Today, self-proclaimed ‘gangster gardener’ Ron Finley has worked hard to revive neglected spaces in his South Central community. Like many guerilla gardeners, he doesn’t believe that the act of providing citizens with sustenance while turning eyesores into oases should be punished. Whether out of goodwill, defiance, or for sport, guerilla gardening is here to stay – it’s proven to be as intractable as the wildflowers that grow in the cracks of the sidewalk.

The legality behind guerilla gardening

In Neal Shusterman’s dystopian series, the Unwind trilogy, two nurses trade arguments regarding ethics and morality. “You can’t change laws without first changing human nature,” one nurse argues. The other claims that, “You can’t change human nature without first changing the law.” Granted, they are referring to a dystopian state that harvests the organs of minors, but the point still stands. 

Laws are not inviolable truths, nor are they infallible. In a world where more serious crimes are given priority, guerilla gardening is generally overlooked, as it’s hard to prove the culprit. Indeed, it’s a two-way street: humans are shaped by laws, and they, in turn, create and enforce the very rules that dictate society. 

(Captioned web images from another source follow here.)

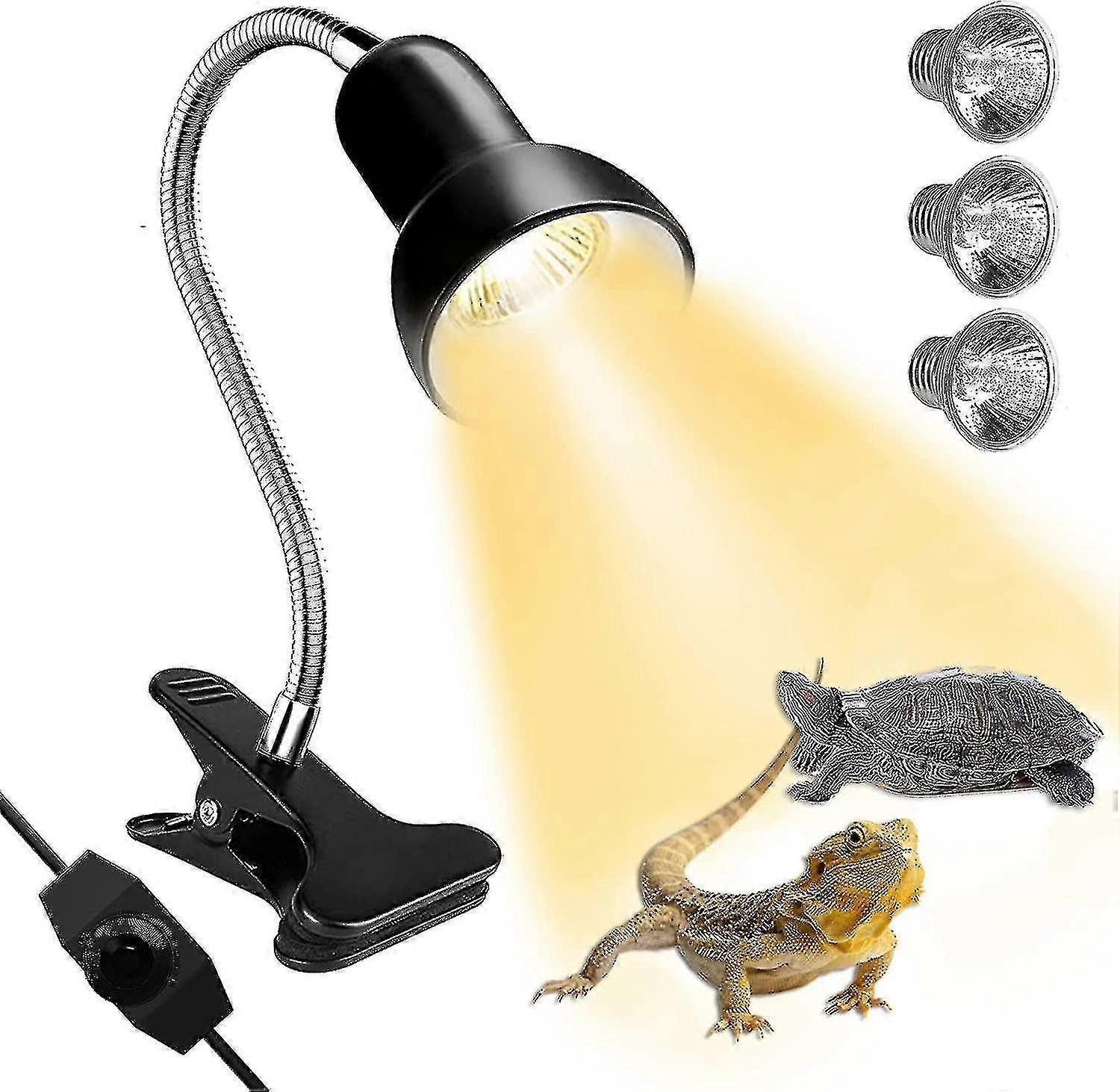2024 Tortoise Heat Lamp Basking Light For Reptiles 25w+50w Uva Uvb Heat Spotlight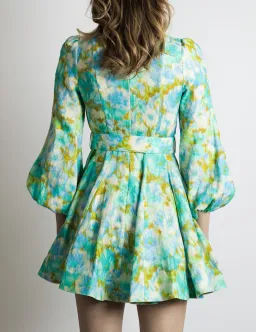 Zimmermann High Tide Buttoned Mini Dress Aqua Ikat Floral Size 2/ AU 12 for rent on The Volte - image 3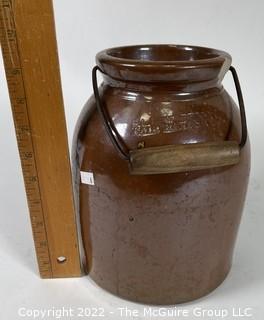 S.L. Pewtress & Co., Fair Haven, Conn. Stoneware Brown Slip Salt Glaze Batter Jug with Handle was 1027BE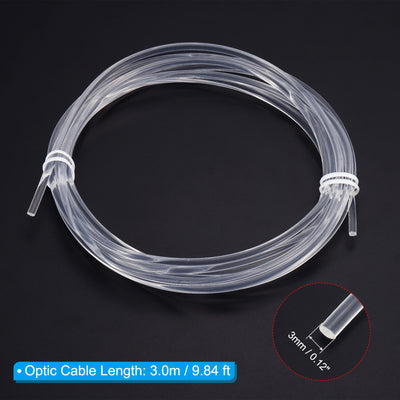 Harfington 3mm 3.0m PMMA Side Glow Fiber Optic Cable Kit, with LED Aluminum Illuminator 12V 1.5W Guide Light Source Decoration for Home DIY Lighting, Cool White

In LA, a resident, through tenacity and perseverance, managed to overturn a local ordinance, allowing gardeners to garden in city-owned land without a pricey permit. While guerilla gardening is often regarded as harmless, there are other legal consequences that you may incur if you decide to sell the produce grown without a permit.

Legal guerilla gardening

While legal guerilla gardening may seem like an oxymoron, you can technically plant in your neighborhood if you ask the city government for permission.

If you belong to an academic institution or non-profit, consider partnering with Vego Garden’s Giving Back Program. Many community gardens can benefit from functional raised garden beds, which have been designed to withstand the temperamental conditions of urban gardening. 

Even though the legal aspect may make it less intense, there’s various ways you can make guerilla gardening exciting. Tackle tough plant roots with our weapon of choice: a hori-hori knife. And there’s even a hi-flow retractable hose that might mimic the thrill of dropping seed bombs – perfect for thirsty plants or water fights. 

The true warriors of guerilla gardening are perennials and native plants that have adapted to a frugal existence where a dearth of water and nourishment reigns. A garden of native plants will attract beneficial wildlife and improve the ecological diversity of the area.